In my grand plans for my musical existence, it was never meant to be this way. I spent years going to outrageous lengths to hunt and gather music, then as many years pruning that music down to the choicest selections. After such an effort, it’s somewhat dispiriting to find out that the soundtrack of your life has not become, as you’d always hoped, Exile On Main Street, but the Autoglass Repair jingle on Classic FM.
I’m told that I live in an age of infinite, luxurious musical choice, but I find that I choose less and less of the vast amount of music I consume. I could say that is because I no longer have the time to control the noises that surround me in the way that I used to, but that’s not the whole story. Even the lie of the iPod – nobody tells you just how much time you’ll spent uploading, downloading and charging the battery – doesn’t explain it. I wonder if the main part of the problem is simply music’s ever-increasing, draining prevalence.

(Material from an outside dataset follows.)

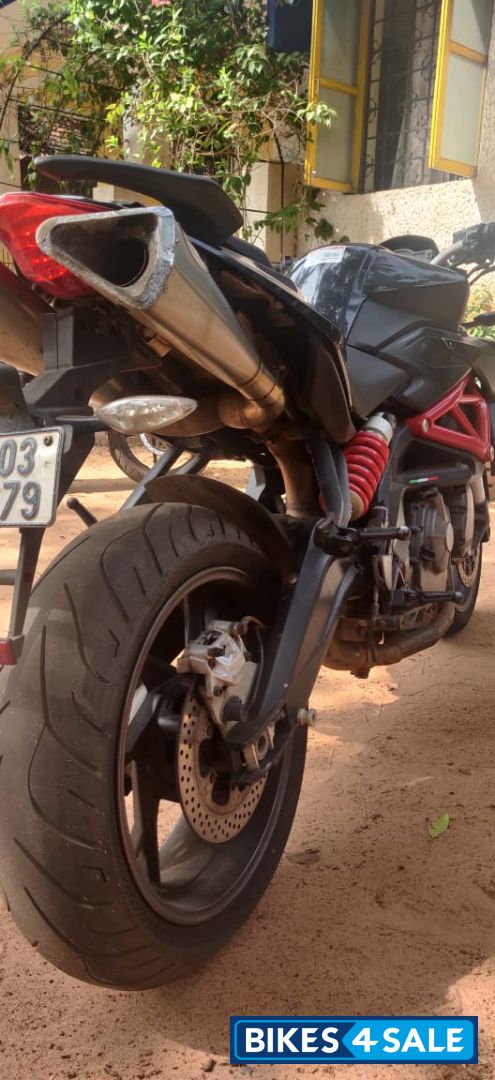 Black Benelli TNT 600 i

I actually don’t mean to single out muzak itself here. The good thing about an old-fashioned easy listening version of a popular hit was that, soulless as it might have been, it wasn’t intrusive enough to use up your listening energy for the day. The New Muzak is more bombastic: it’s Homes Under The Hammer playing Mother And Child Reunion as a mum and her daughter bid for a house; it’s The X-Factor not being to just be a musical talent show but also endlessly playing Flying Without Wings between auditions; it’s Ten Years Younger underlining the shabby appearance of its unlucky subject by playing the part of the Scissor Sisters’s Filthy Gorgeous that goes “You’re… disgusting!”. Even the golf coverage now has the Ting Tings all over it.
Okay, you say, you need to get away from the TV and watch some quality filmmaking. Fine. But look: What’s this? It’s Zach Braff and his directorial ilk cluttering their scenes hamfistedly with the plaintive overillustrative whines of effete indie singer-songwriters. All right, so why not try getting out of the house? No dice: ringtones everywhere.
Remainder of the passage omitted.